The Navy for several years has carried out
a variety of irregular warfare (IW) and counterterrorism (CT) activities.
Among the most readily visible of the Navy’s recent IW operations have
been those carried out by Navy sailors serving ashore in Afghanistan and Iraq. Many
of the Navy’s contributions to IW operations around the world are made by Navy individual
augmentees (IAs)—individual Navy sailors assigned to various DOD operations.
The May 1-2, 2011, U.S. military operation in Abbottabad, Pakistan, that killed
Osama bin Laden reportedly was carried out by a team of 23 Navy special
operations forces, known as SEALs (an acronym standing for Sea, Air, and
Land). The SEALs reportedly belonged to an elite unit known unofficially
as Seal Team 6 and officially as the Naval Special Warfare Development Group (DEVGRU).
The Navy established the Navy Expeditionary Combat Command (NECC) informally in
October 2005 and formally in January 2006. NECC consolidated and
facilitated the expansion of a number of Navy organizations that have a
role in IW operations.

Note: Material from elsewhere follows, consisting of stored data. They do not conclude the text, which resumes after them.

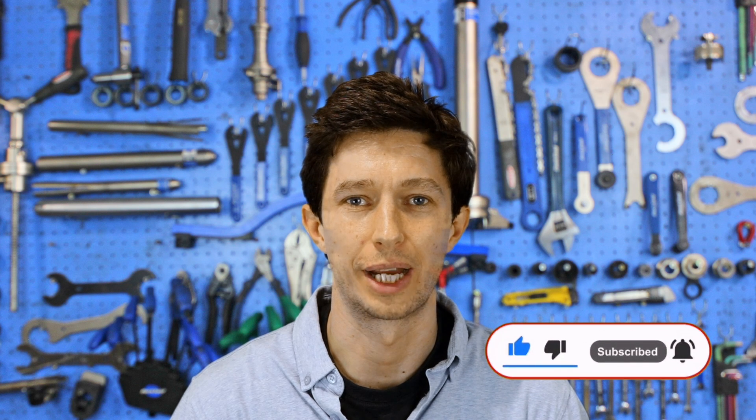Hi and welcome to Cycle Maintenance Academy. In today's video I would like to show you how quick release mechanisms work and how to replace the quick release skewer correctly.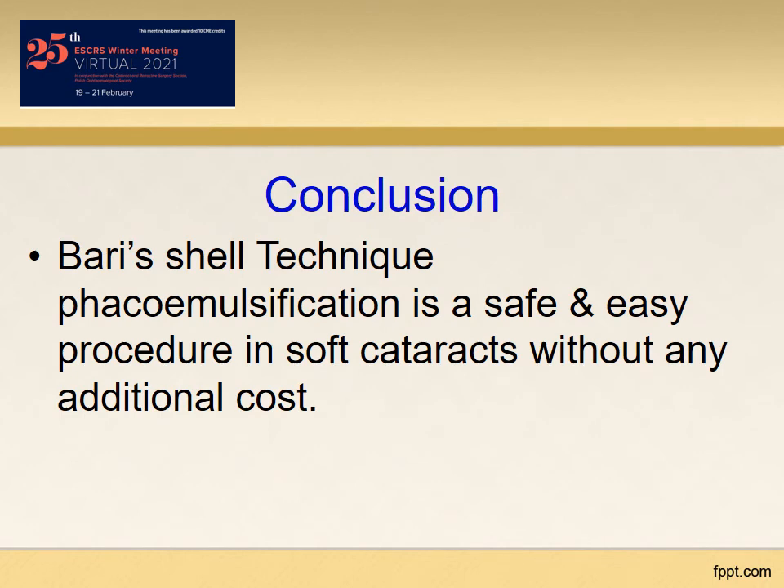So in conclusion, we can say the body shell technique FACO emulsification is a safe and easy procedure in soft cataracts without any additional cost.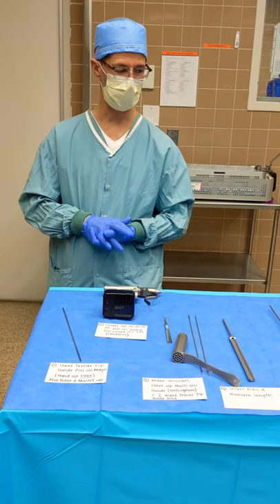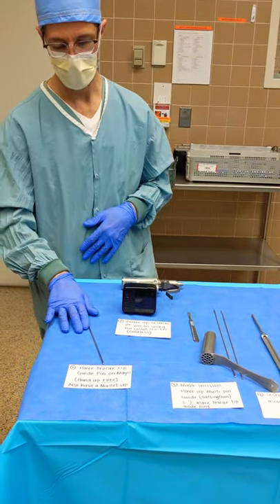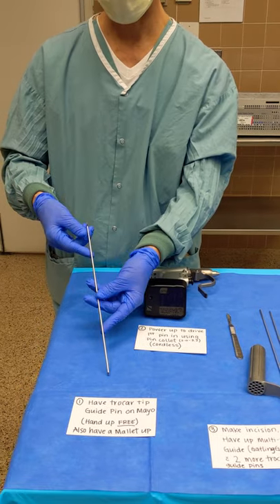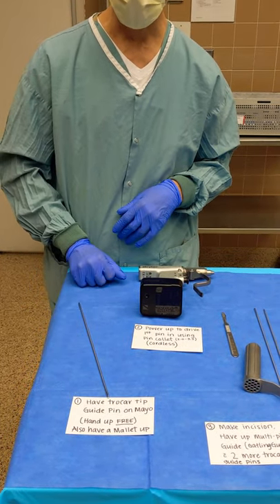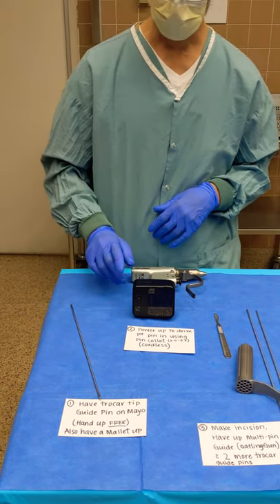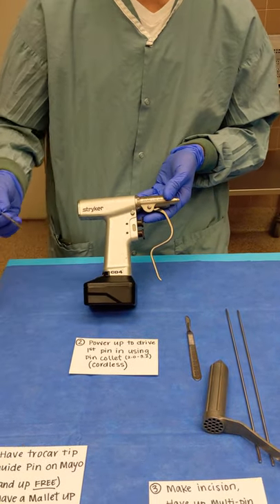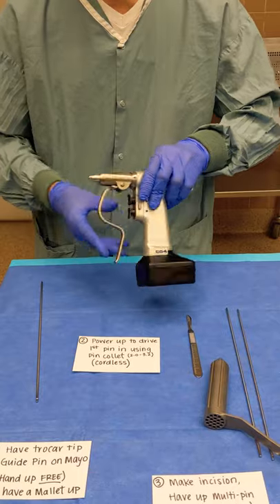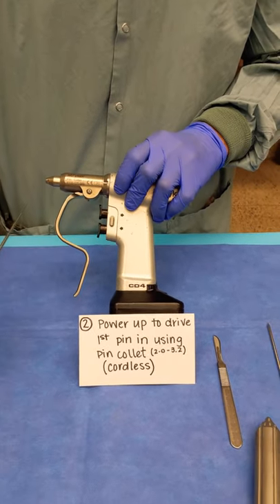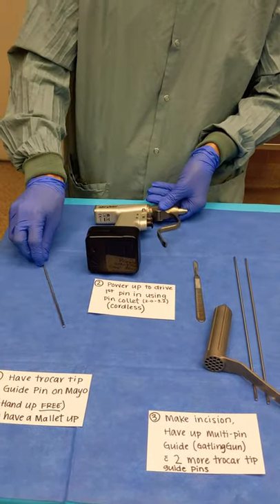These are the basic steps you're going to need to follow in order to get through this case. Step one: we're going to need some guide pins. We have a trocar tip here that you're going to have on your Mayo stand. You're going to use that pin to get some images for the entry site. Then use your cordless driver to drive the pin down into the hip. You'll use your pin collar here — these are a 3.2 millimeter diameter pin — and drive that pin into the hip, into the bone.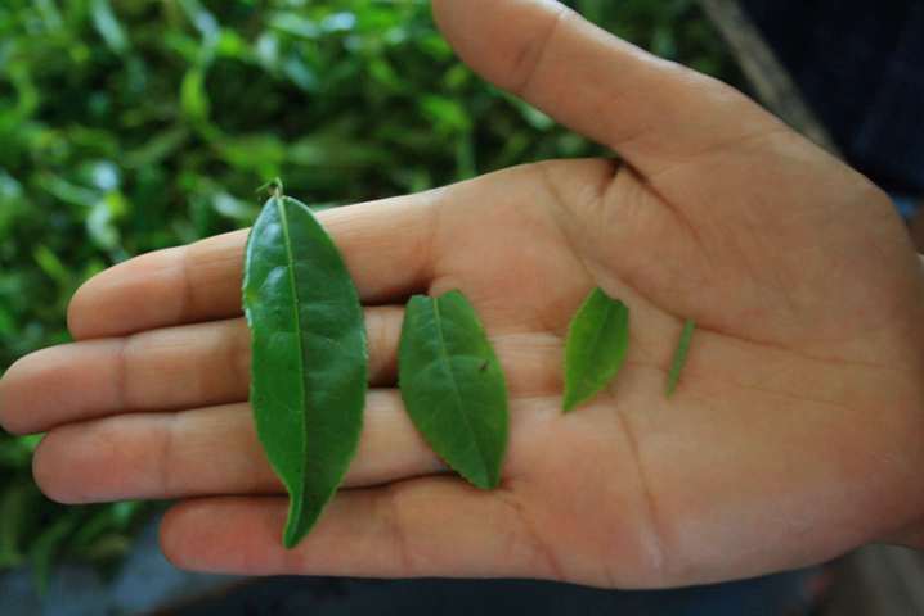These usually consist of one leaf bud and two leaves covered in fine, downy hair. The orange color appears when the tea is fully oxidized.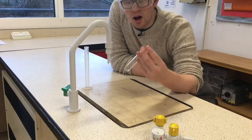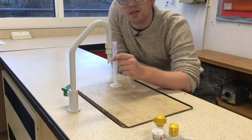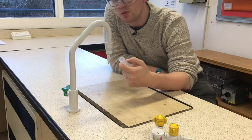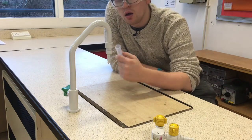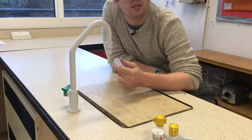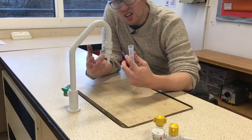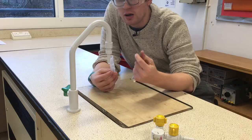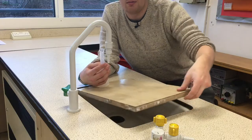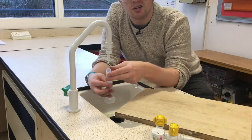Next I'm going to measure 20 centimeters cubed of water into each boiling tube. It's important we use the same amount because we want our test to be fair. Using the same volume is an example of a control variable — this is something we keep the same in each experiment in order for the results to make sense.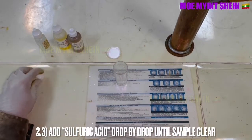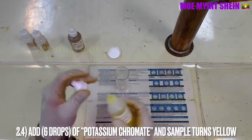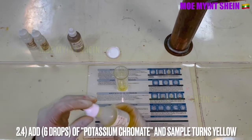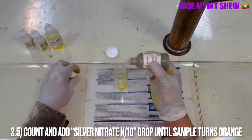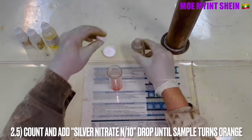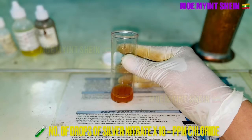Add sulfuric acid drop by drop until the sample is clear. After that, add six drops of potassium chromate — the sample will turn yellow. Count and add silver nitrate drop by drop until the sample turns orange. Chloride ppm is obtained by multiplying the number of silver nitrate drops by 10.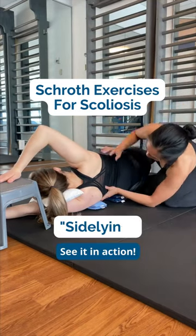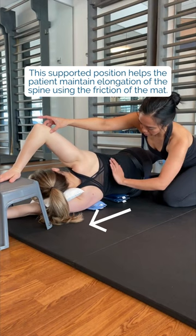Do you know about Schroth exercises for scoliosis? Here's the sideline postural correction. This supported position helps the patient maintain elongation of the spine using the friction of the mat. The rice bags prop up the trunk to shift the curve back towards midline using gravity.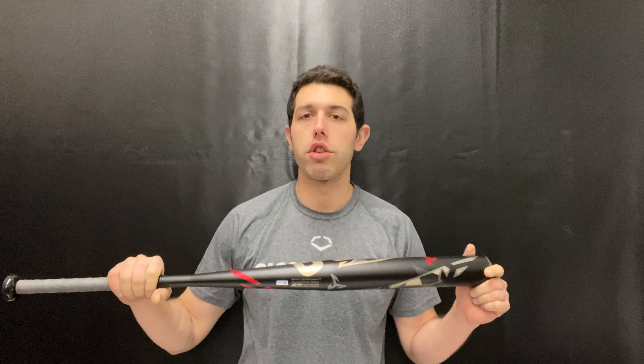This bat features a 12-inch barrel with a little bit of an end-loaded feel. It is a one-piece bat, so it always feels a little balanced. Even though it's end-loaded, if you normally swing a 28, I would say stick with the 28 — it has a nice feel for being an end-loaded bat.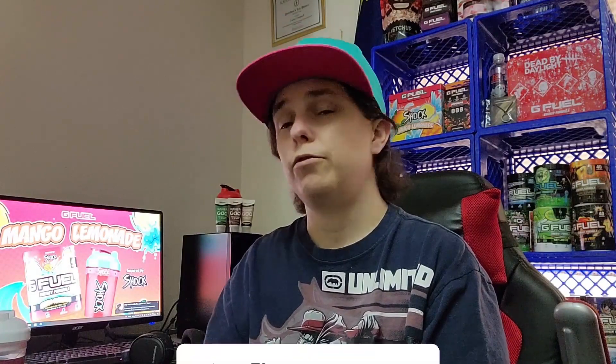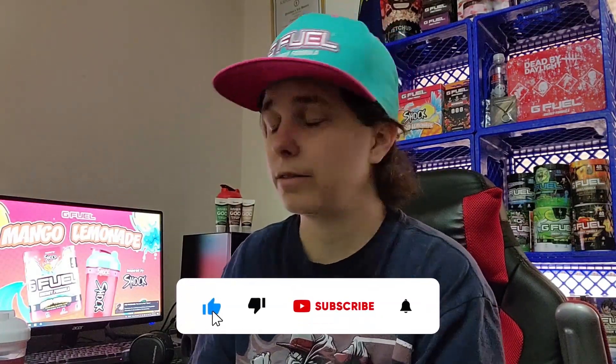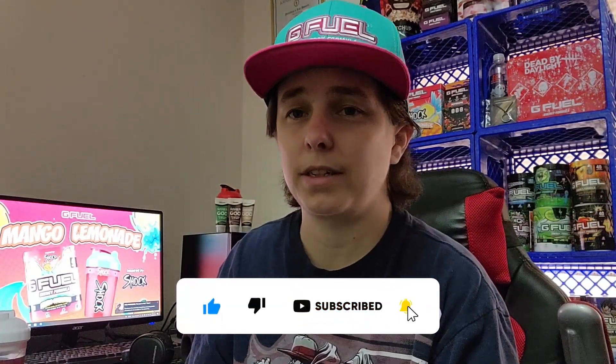I will leave a link down below — if you pick it up, let me know. If you've tried it, let me know what you think. I love Nemesis Tea, but I will see y'all in the next video.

The Navy established the Navy Irregular Warfare
Office in July 2008, published a vision statement for irregular warfare in January
2010, and established “a community of interest” to develop and advance ideas, collaboration,
and advocacy related to IW in December 2010.
The Navy’s riverine force is intended to supplement the riverine capabilities
of the Navy’s SEALs and relieve Marines who had been conducting maritime
security operations in ports and waterways in Iraq.
The Global Maritime Partnership is a U.S. Navy initiative to achieve an
enhanced degree of cooperation between the U.S. Navy and foreign navies,
coast guards, and maritime police forces, for the purpose of ensuring
global maritime security against common threats.
The Southern Partnership Station (SPS) and the Africa Partnership Station (APS)
are Navy ships, such as amphibious ships or high-speed sealift ships, that
have deployed to the Caribbean and to waters off Africa, respectively, to
support U.S. Navy engagement with countries in those regions, particularly
for purposes of building security partnerships with those countries and for
increasing the capabilities of those countries for performing
The Navy’s IW and CT activities pose a number of potential oversight issues for
Congress, including the definition of Navy IW activities and how much
emphasis to place on IW and CT activities in future Navy budgets.